Quest’anno, intanto, è stata sperimentata un’altra strada, quella di proporre un autore ampiamente storicizzato, quasi ovvio, come Pirandello, ma scegliendo un testo per niente scontato come I quaderni di Serafino Gubbio. Per niente scontato e soprattutto capace di creare un dialogo molto forte con le vite e i pensieri dei giovani di questo tempo. In questo senso la scelta di quest’anno è antitetica rispetto a quella di due anni fa, quando è stata proposta Nedda, una delle opere più datate e lontane dalla sensibilità odierna di quell’autore modernissimo che è Giovanni Verga. Il brano di Pirandello, invece, una volta dati gli elementi minimi di contesto, risulta perfettamente capace di intercettare le curiosità e le domande dell’oggi. Non è detto che i Quaderni siano l’opera più riuscita di Pirandello, ma di certo è quella che più direttamente dialoga con noi: le riflessioni di Serafino sulla società, sulla macchina e sull’arte potrebbero stare (anzi di fatto stanno) dentro qualche puntata di Black Mirror, e le domande che pone non sono così diverse da quelle che ritroviamo in alcuni libri dedicati al rapporto uomo-macchina usciti in questi ultimi anni, come Macchine come me (Ian McEwan, 2019) o Klara e il Sole (Kazuo Ishiguro, 2021).

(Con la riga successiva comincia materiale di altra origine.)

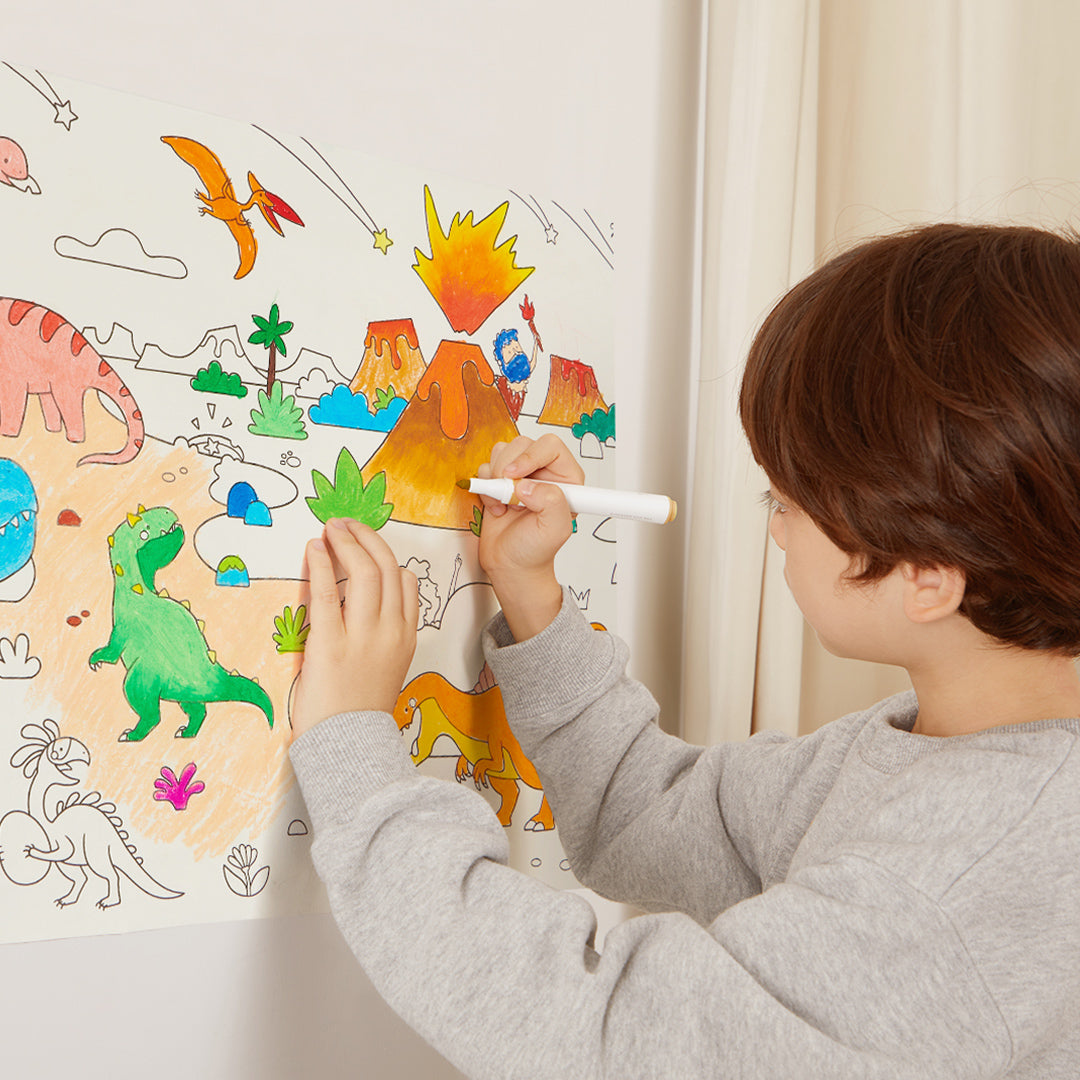 Adhesive coloring roll Amazing dinosaurs
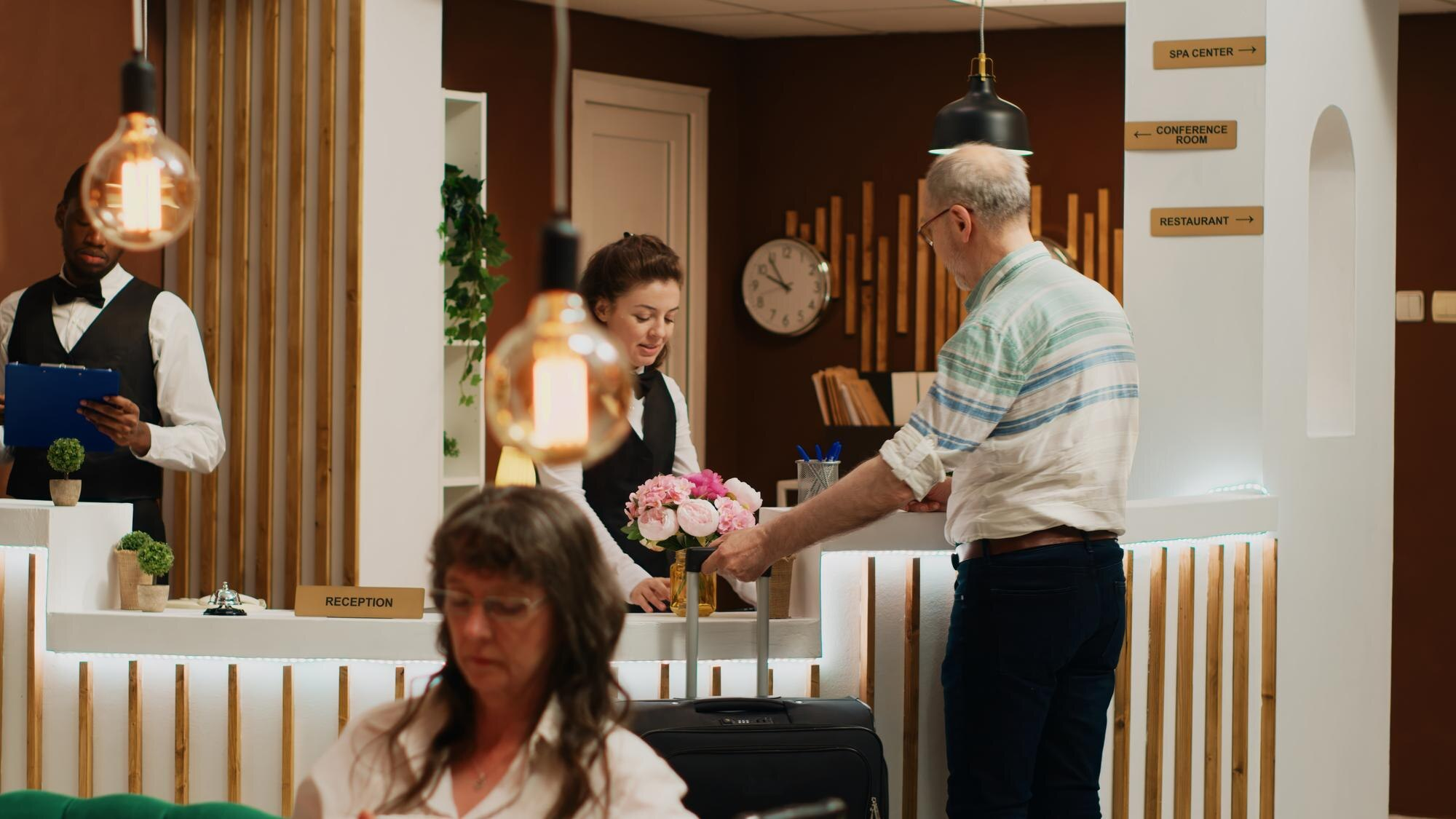 Hotel guest carrying flowers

In definitiva, la presenza di Serafino Gubbio all’Esame di Stato 2024 non solo ci invita a dare più spazio, nella nostra pratica didattica, ad un romanzo estremamente ricco di suggestioni e di chiavi per leggere il mondo che ci circonda, ma ci ricorda anche che, quando decidiamo di portare o di non portare un classico in aula, è necessario evitare scelte pigre e scontate, e andare a cercare quei libri capaci, in quel preciso momento, di coprire tutto lo spazio che li separa da noi per arrivare a dialogare con le nostre domande più urgenti.